MAHLER Totenfeier. Lieder eines fahrenden Gesellen

Connolly, Jurowski and the OAE with live ‘period’ Mahler

Record and Artist Details

Composer or Director: Gustav Mahler

Genre:

Vocal

Label: Orchestra of the Age of Enlightenment

Media Format: CD or Download

Media Runtime: 38

Mastering:

Stereo
DDD

Catalogue Number: SIGCD259

Tracks:

Composition Artist Credit
Totenfeier Gustav Mahler, Composer
Gustav Mahler, Composer
Orchestra of the Age of Enlightenment
Wladimir Jurowski, Conductor
Lieder eines fahrenden Gesellen, 'Songs of a Wayfarer' Gustav Mahler, Composer
Gustav Mahler, Composer
Orchestra of the Age of Enlightenment
Sarah Connolly, Singer, Soprano
Wladimir Jurowski, Conductor
Mahler, to put it mildly, is not an obvious follow-up for an ensemble still fresh from recording Monteverdi. Nor is this approach for all tastes. Gone are many tone colours and lush sonorities. Tempi, too, tend to push forwards, leaving little room for the music to expand. But as the OAE show in their reading of Totenfeier (‘Funeral Rites’), Mahler’s initial excursion into orchestral writing that was later incorporated substantially into his Second Symphony, even a composer this familiar can bear further enlightenment.
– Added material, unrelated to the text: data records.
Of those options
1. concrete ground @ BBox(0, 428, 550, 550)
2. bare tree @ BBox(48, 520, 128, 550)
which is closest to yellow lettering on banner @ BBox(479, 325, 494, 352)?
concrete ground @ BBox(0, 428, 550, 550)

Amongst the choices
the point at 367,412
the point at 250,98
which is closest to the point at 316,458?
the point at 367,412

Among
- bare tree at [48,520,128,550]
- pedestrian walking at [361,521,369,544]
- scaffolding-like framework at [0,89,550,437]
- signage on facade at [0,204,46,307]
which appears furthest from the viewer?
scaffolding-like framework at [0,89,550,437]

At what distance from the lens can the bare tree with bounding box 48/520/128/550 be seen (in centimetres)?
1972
Paired with Lieder eines fahrenden Gesellen (‘Songs of a Wayfarer’), this music makes a fine composer snapshot. In response to recent recordings placing Mahler as a symphonic descendant of Brahms and song-writing successor to Schumann, the real figure looming here is Schubert. As a result, the Lieder remain wonderfully transparent, though mezzo-soprano Sarah Connolly matches the orchestra’s single-mindedness almost to a fault. While Connolly’s dark vocal hues fully convey Mahler’s melancholy, her singing offers few of the glimpses of joy that ultimately makes the music seem far more tragic.

Beyond that, however, the OAE provide something all too rare in the Mahler catalogue. One can quibble over musical details, period ‘authenticity’ in the instruments or even the disc’s length – I usually find it hard to recommend any CD clocking in at under 40 minutes – but this is a recognisable portrait of Mahler as a young man, rather than an elder composer of 10 symphonies looking backwards. And for that reason alone, it deserves a place on the shelf.